Negative Feedback and Stability

Most control systems in computing use negative feedback. This does not mean bad feedback. It means the system acts to reduce the error.

If the measured value is too low, the system increases the output. If the measured value is too high, the system decreases the output. The purpose is to bring the system back toward the set point.

Negative feedback usually improves stability, which means the system stays close to the desired condition instead of changing wildly. This is important in machines and software-controlled devices because unstable systems can behave unpredictably.

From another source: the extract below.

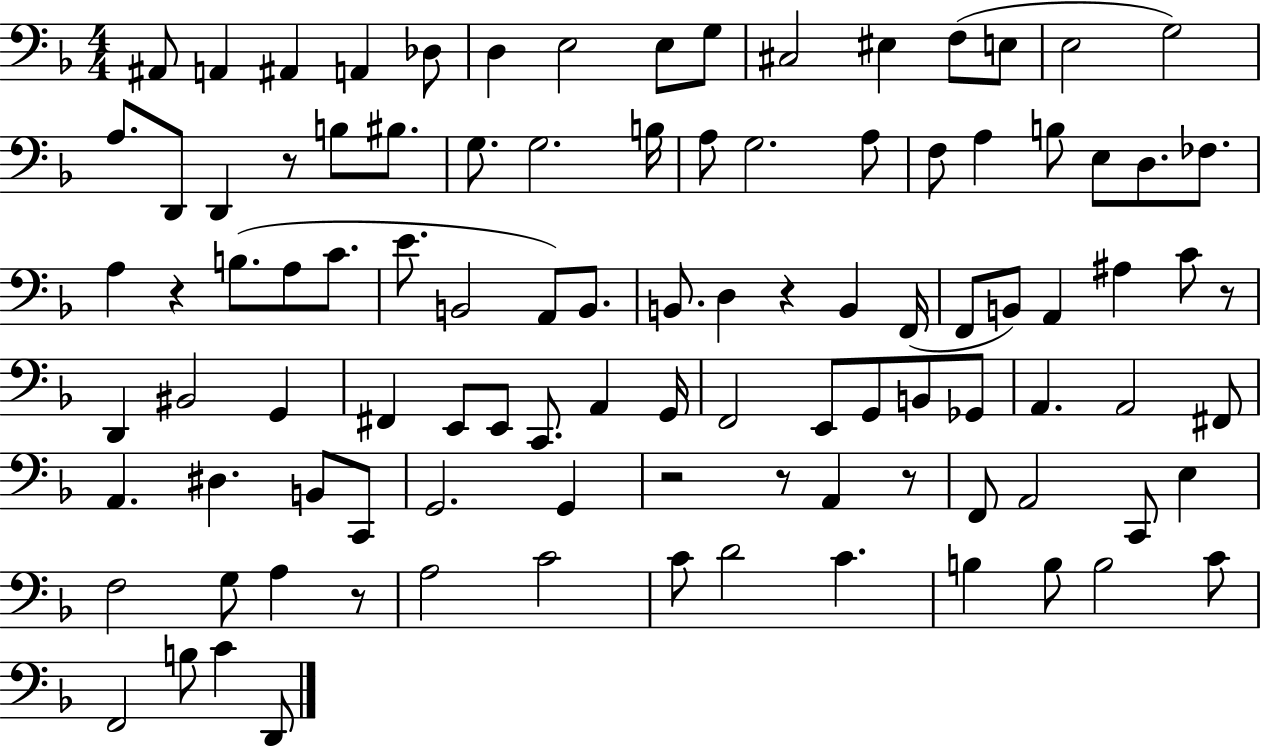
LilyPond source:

Example: Room Temperature Control

If a room is too cold, the heater turns on. When the temperature rises enough, the heater turns off. If the room becomes too warm, cooling may begin. The system keeps correcting itself so the temperature stays near the target.

This is very different from a system that keeps heating without checking the temperature. Without feedback, the room could become uncomfortably hot or waste energy.

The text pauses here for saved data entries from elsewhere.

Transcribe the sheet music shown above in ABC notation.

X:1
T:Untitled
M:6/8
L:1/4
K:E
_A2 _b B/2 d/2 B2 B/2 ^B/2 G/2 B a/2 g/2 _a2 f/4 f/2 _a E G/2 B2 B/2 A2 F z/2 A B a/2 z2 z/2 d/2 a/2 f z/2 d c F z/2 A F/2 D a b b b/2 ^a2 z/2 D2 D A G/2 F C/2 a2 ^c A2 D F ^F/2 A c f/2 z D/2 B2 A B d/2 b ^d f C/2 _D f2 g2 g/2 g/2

Applying Feedback Loop Reasoning in IB Computer Science HL

When answering exam questions about feedback loops, students, focus on the control process step by step. Examiners often want clear terminology and accurate reasoning.

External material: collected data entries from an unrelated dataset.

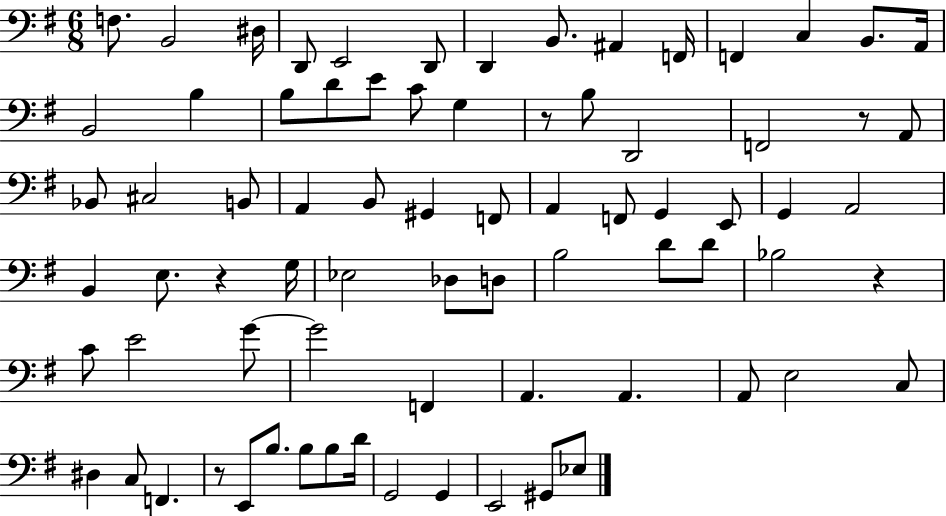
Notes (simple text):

F3/e. B2/h D#3/s D2/e E2/h D2/e D2/q B2/e. A#2/q F2/s F2/q C3/q B2/e. A2/s B2/h B3/q B3/e D4/e E4/e C4/e G3/q R/e B3/e D2/h F2/h R/e A2/e Bb2/e C#3/h B2/e A2/q B2/e G#2/q F2/e A2/q F2/e G2/q E2/e G2/q A2/h B2/q E3/e. R/q G3/s Eb3/h Db3/e D3/e B3/h D4/e D4/e Bb3/h R/q C4/e E4/h G4/e G4/h F2/q A2/q. A2/q. A2/e E3/h C3/e D#3/q C3/e F2/q. R/e E2/e B3/e. B3/e B3/e D4/s G2/h G2/q E2/h G#2/e Eb3/e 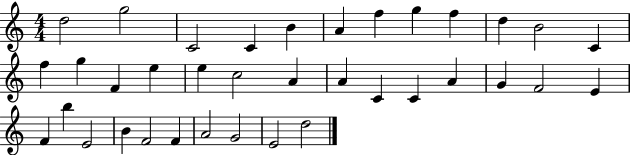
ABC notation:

X:1
T:Untitled
M:4/4
L:1/4
K:C
d2 g2 C2 C B A f g f d B2 C f g F e e c2 A A C C A G F2 E F b E2 B F2 F A2 G2 E2 d2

A strong explanation usually includes:

1. the input or set point,
2. the sensor that measures the output,
3. the comparison between actual and desired values,
4. the error signal,
5. the controller decision,
6. the actuator action,
7. and the fact that the cycle repeats.

Example Answer Structure

If asked how a greenhouse uses feedback, you could explain:

• The desired temperature is set.
• A temperature sensor measures the current temperature.
• The controller compares the measured temperature with the target.
• If the temperature is below the set point, the heating system is switched on.
• If the temperature is above the set point, ventilation may be activated.
• The process repeats continuously to keep conditions suitable for plant growth. 🌱

This kind of answer shows understanding of both control and automation.

Common Mistakes to Avoid

Students sometimes confuse feedback with simple input-output behavior. Remember: feedback always involves measuring the result and using it to change future action. Another common mistake is forgetting the role of the sensor or the comparison step. In IB terms, it is not enough to say a machine “adjusts itself”; you should describe how and why.

Conclusion

Feedback loops are a central idea in HL Extension — Control because they allow systems to monitor themselves and respond to change. By using sensors, comparing measured values with set points, and making corrections, closed-loop systems can remain accurate, efficient, and safe. students, understanding feedback loops helps you explain many real-world technologies, including thermostats, cruise control, automatic doors, drones, and factory automation. In IB Computer Science HL, this knowledge connects directly to monitoring, automation, and the design of reliable computing systems.

Study Notes

• A feedback loop measures a system’s output and uses it to adjust future input.
• The main parts are the set point, sensor, comparator, error, and actuator.
• The error can be described as $\text{error} = \text{set point} - \text{measured value}$.
• Closed-loop systems use feedback; open-loop systems do not.
• Negative feedback reduces error and usually improves stability.
• Sensors can be affected by noise, so calibration and filtering may be needed.
• Real-world examples include thermostats, cruise control, automatic doors, drones, and greenhouse systems.
• In exam answers, explain the cycle clearly: measure, compare, correct, repeat.